On Sunday, another COVID-19 tragedy rocked St. Petersburg. A 36-year-old orthodontist, Daria Khorovskaya, fell to her death after jumping out of the window of her COVID-19 ward on the ninth floor of the Yelizavetinskaya Hospital. Shortly before the tragedy, Khorovskaya’s parents, both accomplished doctors, had died of the virus. Khorovskaya had reportedly admitted with COVID-19 just two hours after her mother died. So far, there has not been any public response by the hospital.

“One thing I don’t understand is how doctors could allow Khorovskaya to die on their watch?,” a St. Petersburg family doctor, Yelena Alekseeva, told The Daily Beast. “They knew about her tragedy but obviously left the heartbroken patient alone.”

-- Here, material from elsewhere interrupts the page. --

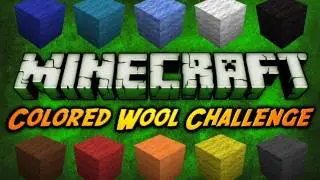 Minecraft: Испытание цветной шерсти! &mdash; Часть 1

Despite about a thousand Russians dying every day from COVID-19, the majority of citizens remain skeptical about vaccination, with some going so far as to claim that the jabs are part of some diabolical masterplan to kill off the population.

“Clearly, the world’s leaders have invented this virus to reduce the population down to the ‘golden billion,’” a 32-year-old Moscow cameraman, who requested to be identified only by his first name, Aleksey, told The Daily Beast on Tuesday. “Every time I ask a doctor about Sputnik V, they talk me out of getting vaccinated.”